**EXERCISE BRIEF**
Once you find the line containing "Byzantine bronze ring" in the data below, copy it and each following line exactly, up to and including the line containing "Na belom transparentu", and nothing else.

**RECORDS FOR PROCESSING**
◆ ◆ ◆ ◆ ◆ ◆ ◆

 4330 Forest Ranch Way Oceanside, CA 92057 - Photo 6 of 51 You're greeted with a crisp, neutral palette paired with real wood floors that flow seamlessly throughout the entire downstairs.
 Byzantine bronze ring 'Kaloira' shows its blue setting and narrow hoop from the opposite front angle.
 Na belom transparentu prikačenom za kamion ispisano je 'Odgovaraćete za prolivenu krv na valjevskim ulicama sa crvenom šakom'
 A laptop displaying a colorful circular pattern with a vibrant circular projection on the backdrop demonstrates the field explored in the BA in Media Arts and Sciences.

◆ ◆ ◆ ◆ ◆ ◆ ◆

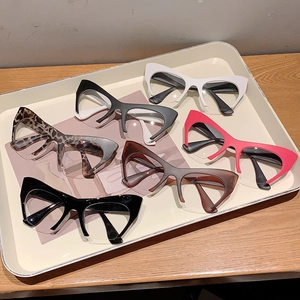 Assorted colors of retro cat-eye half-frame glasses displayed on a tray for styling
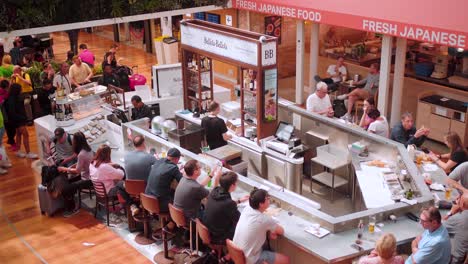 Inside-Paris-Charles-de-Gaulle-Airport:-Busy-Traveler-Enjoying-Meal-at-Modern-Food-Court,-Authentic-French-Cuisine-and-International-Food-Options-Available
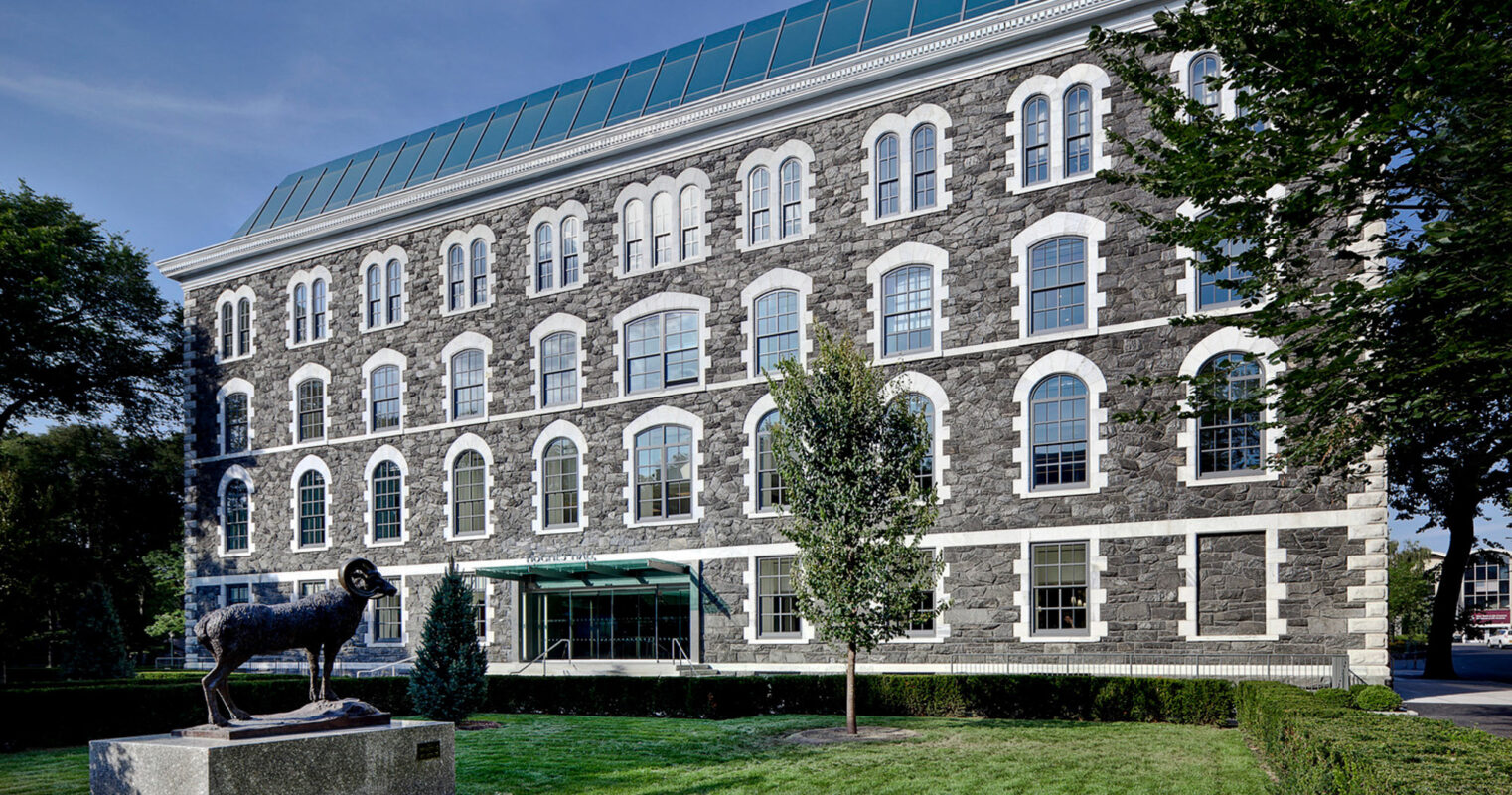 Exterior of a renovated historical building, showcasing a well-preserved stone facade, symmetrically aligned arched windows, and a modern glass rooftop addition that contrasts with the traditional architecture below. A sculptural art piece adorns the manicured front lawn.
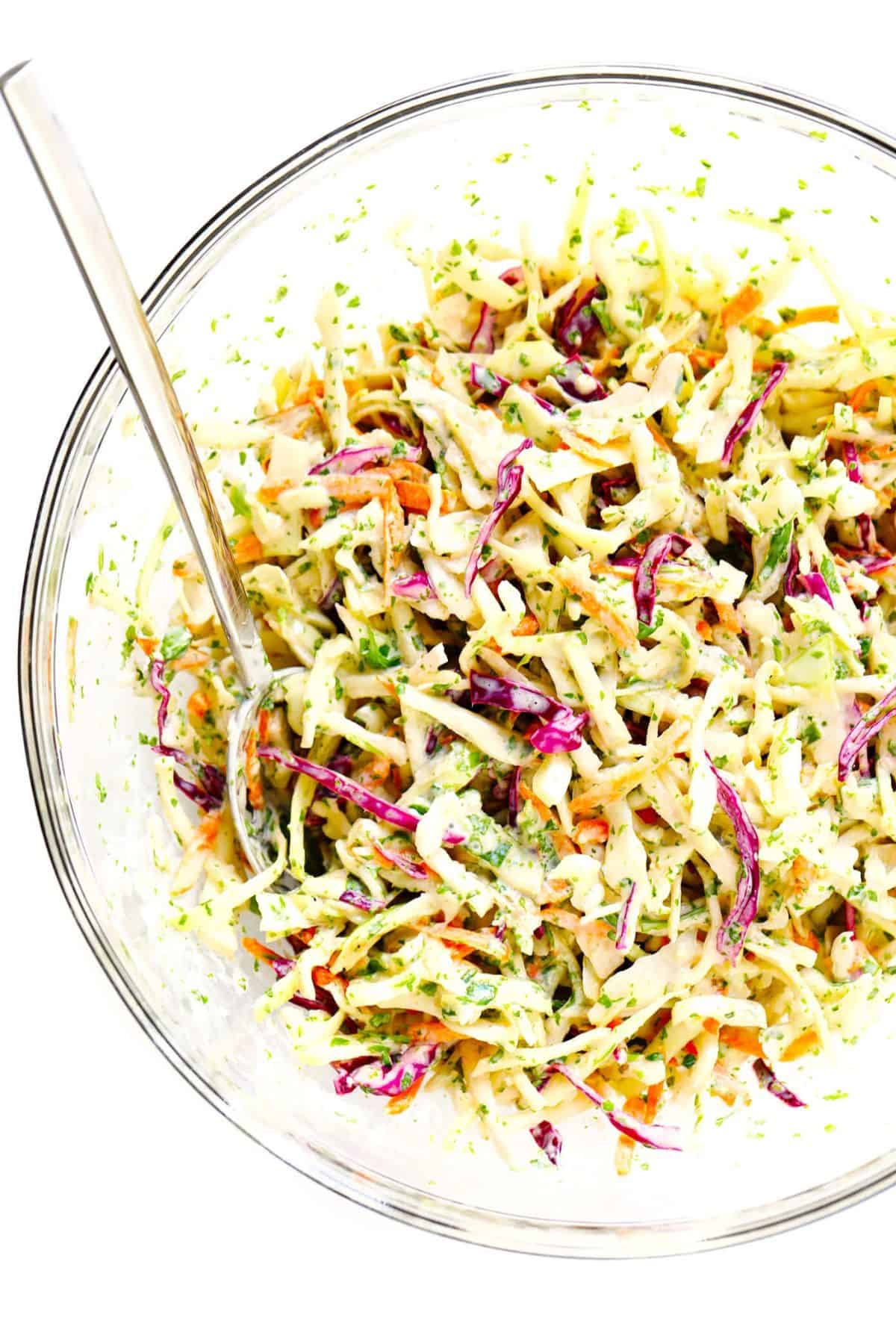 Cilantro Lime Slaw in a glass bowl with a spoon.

◆ ◆ ◆ ◆ ◆ ◆ ◆

**TASK RESULT**
 Byzantine bronze ring 'Kaloira' shows its blue setting and narrow hoop from the opposite front angle.
 Na belom transparentu prikačenom za kamion ispisano je 'Odgovaraćete za prolivenu krv na valjevskim ulicama sa crvenom šakom'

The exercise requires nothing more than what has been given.